- RECORDED INFORMATION

=-=-=-=-=

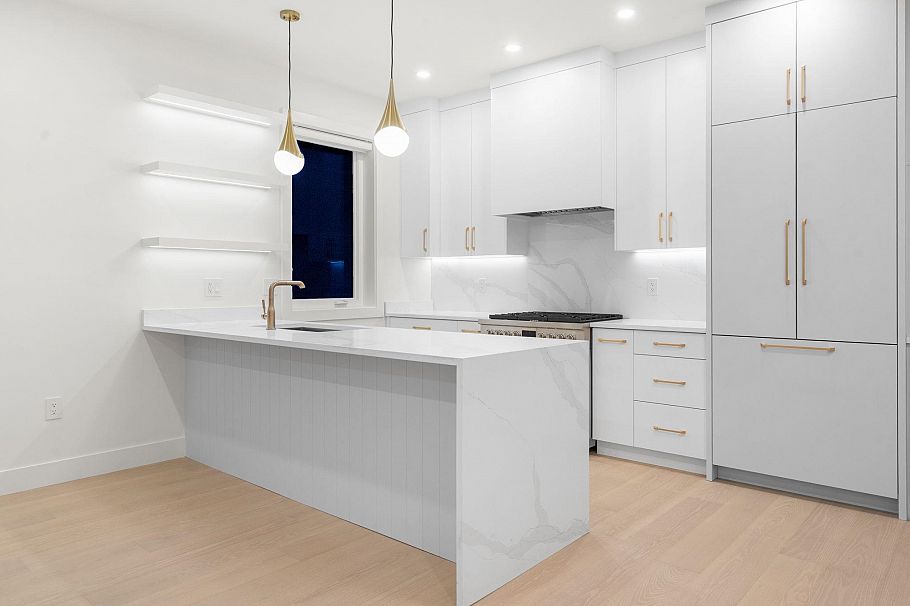 2 1582 E 2nd Avenue Vancouver, BC - 6
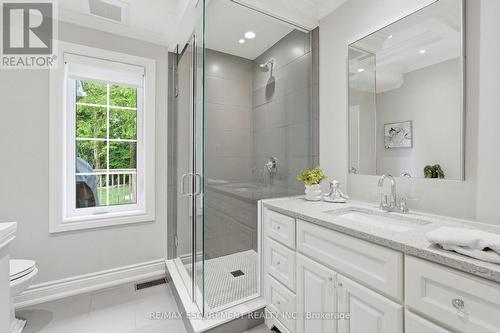270 Poplar Drive, Burlington, ON - Indoor Photo Showing Bathroom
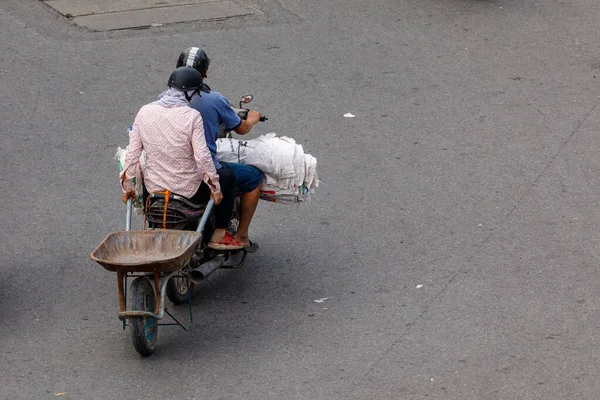 越南河内大街上的交通工具 25岁 2019年11月 — 图库照片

=-=-=-=-=

- REQUIREMENT
Your job is to restate, word for word, only the lines from the one holding "270 Poplar Drive, Burlington, ON" through the end of the material; pictures stay out.

- EXERCISE RESULT
270 Poplar Drive, Burlington, ON - Indoor Photo Showing Bathroom
 越南河内大街上的交通工具 25岁 2019年11月 — 图库照片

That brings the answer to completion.